And then there's the matter of who the media turn to for interviews, analysis, and commentary. As Adele Stan has noted at Tapped this week, even as cable news programs have devoted extensive coverage to Imus' racist and sexist comments, they have often done so without the benefit of women among their panelists. Stan described the panels MSNBC hosted to discuss their decision to dump Imus:
[F]or the rest of the night, MSNBC show hosts discussed the channel's decision with panel after panel of experts, populated, with one exception, entirely by men. (Thank goodness that Joe Scarborough likes to fight with Salon.com's indomitable Joan Walsh or, out of a total of about a dozen commentators, there would have been no women featured on Imus segments of the cable channel's three major evening shows: “Hardball,” “Countdown,” and “Scarborough Country.”) And while the producers did a pretty good job maintaining a racial mix on the panels, they apparently couldn't find a single African-American woman to comment on Imus's firing -- despite the fact that, just miles from MSNBC headquarters in Secaucus, New Jersey, New Jersey NOW staged a rally that was led by African-American leaders in the women's movement. Until more women hold major positions of behind-the-scenes power in mainstream media, things will likely remain as they are: a bunch of guys debating whether or not another guy who verbally assaulted a group of women in a sexualized manner deserves to be fired for having done so.

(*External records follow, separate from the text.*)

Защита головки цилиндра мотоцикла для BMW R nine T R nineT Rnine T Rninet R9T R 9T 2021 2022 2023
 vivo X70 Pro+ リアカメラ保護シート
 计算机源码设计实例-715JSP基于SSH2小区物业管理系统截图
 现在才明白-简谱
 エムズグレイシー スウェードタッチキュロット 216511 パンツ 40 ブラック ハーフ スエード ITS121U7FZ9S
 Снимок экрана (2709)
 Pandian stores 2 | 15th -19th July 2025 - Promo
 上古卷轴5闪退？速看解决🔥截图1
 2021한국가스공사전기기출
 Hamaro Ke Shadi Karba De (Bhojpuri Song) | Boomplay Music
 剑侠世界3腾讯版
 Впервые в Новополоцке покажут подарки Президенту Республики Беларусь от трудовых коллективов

(Full disclosure: Stan previously worked for Media Matters for America.)
In the midst of a torrent of comments about “femi-Nazis” and “bitches” and “hos,” these more subtle problems are rarely even noticed, and even more rarely discussed among the media elite and those who appear on their shows.
And that may be the most damaging effect of the kind of commentary that we routinely hear from the likes of Imus and Limbaugh and Coulter: Rhetoric that should be unacceptable becomes merely outrageous; that which should be outrageous becomes merely controversial; and that which should be controversial is barely noticed, if at all.
That's why we at Media Matters hope the Imus incident prompts the nation's media -- both individual journalists and the organizations that employ them -- to consider whether they can and should be more responsible in their role as stewards of the national discourse.
Not just Glenn Beck and Rush Limbaugh and Michael Savage and the people who enable them. Charlie Gibson and Wolf Blitzer and Maureen Dowd (one of the foremost practitioners of the “Breck Girl” insult) and the bookers and producers who assemble woman-free panels to discuss sexist comments and countless others who, intentionally or otherwise, write and say things that, in ways large and small, have the power to hurt.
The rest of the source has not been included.